Raising kids without raising your voice…is this even possible?
Want my honest answer? Hell no. I really do not think it is possible. Well, unless maybe you’re a Saint, and I assume most of us aren’t on the track to sainthood.
That doesn’t mean that we’re bad people and it sure as heck doesn’t point to us being bad parents. It simply means that we are your average, normal human beings who typically get worked up by life’s stressors (and by that, I mean bossy little people).
I’ve shared this before — I’m a yeller. Always have been. I sure am working on yelling less because I know that yelling does not work, but it is hard as heck to stop.
I have been doing better and I feel as though I do yell far less than I used to, but I also believe that it is okay that I yell sometimes and in fact, I am going to contend that it can in some ways be good for my children.
Now don’t go run to social media to bash me and state that I’m telling parents to yell at their kids. I am merely noting that I fall into the camp of people who accept that parents are less than perfect and that no matter how hard we try, we ARE going to yell at our children on occasion.

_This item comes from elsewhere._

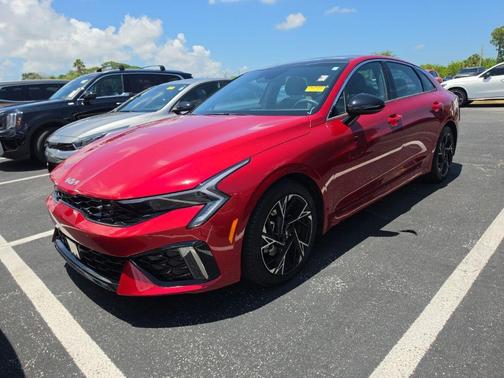 Runway Red 2025 Kia K5 GT-Line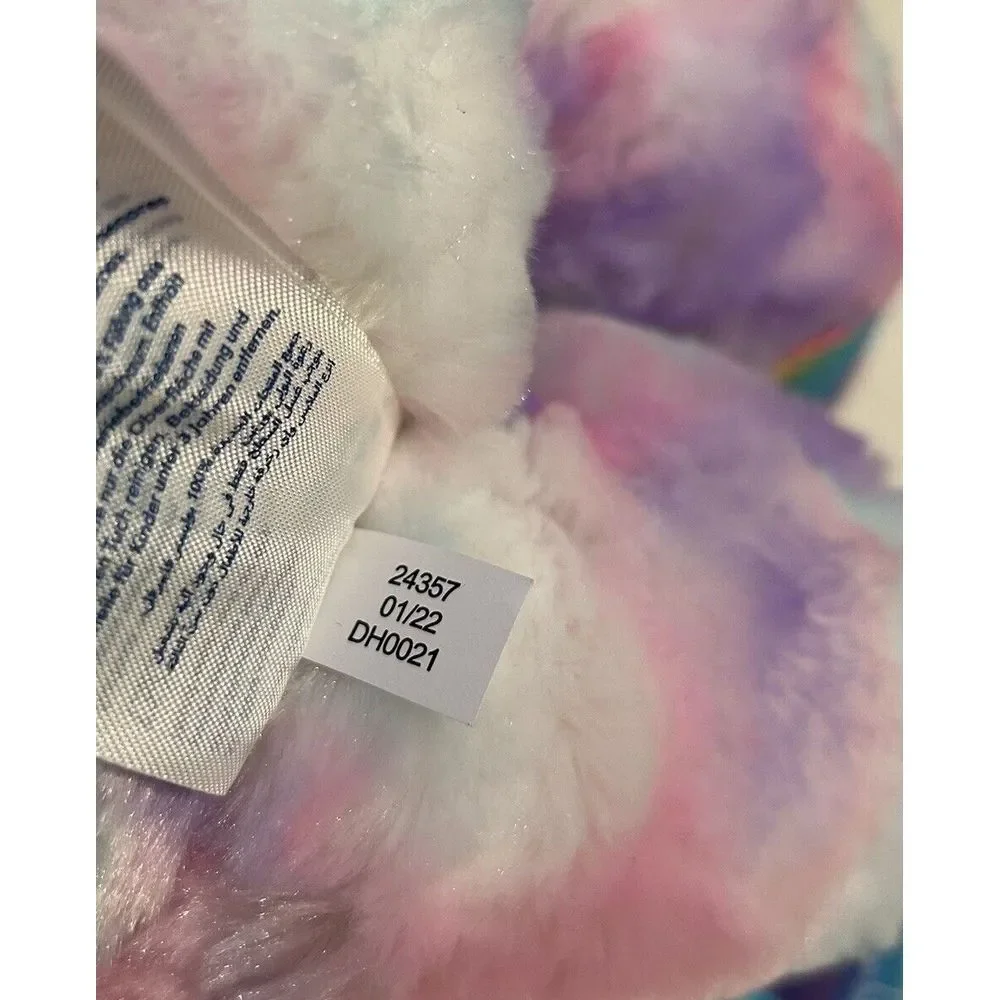 Build A Bear BAB Pastel Swirl Kitty Cat Plush‎  Meow Sound And Outfit/shoes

So, why is it okay to yell at your kids?
- It shows them that you are human and that you make mistakes.
- It teaches them that perfection is not realistic.
- They will inevitably be yelled at by someone (a boss, a friend, a stranger) in their life, and they will feel prepared for it.
- It helps them learn how to be a better parent than you. Funny, but not funny, right? It’s just the truth. Our parents learned from their parents, we learned from ours, our kids will learn from us, and hopefully mistakes have been and will continue to be corrected along the way.
- It teaches them about forgiveness and apologies, because I know all of you well-meaning parents out there like myself always apologize post-yelling incident, right? You should be.
All kidding aside, I know that my children learn and benefit from calm, non-yelling mommy; but I also trust that they are learning and benefiting from yelling Mommy too on those (hopefully) rare occasions that she decides to make an appearance.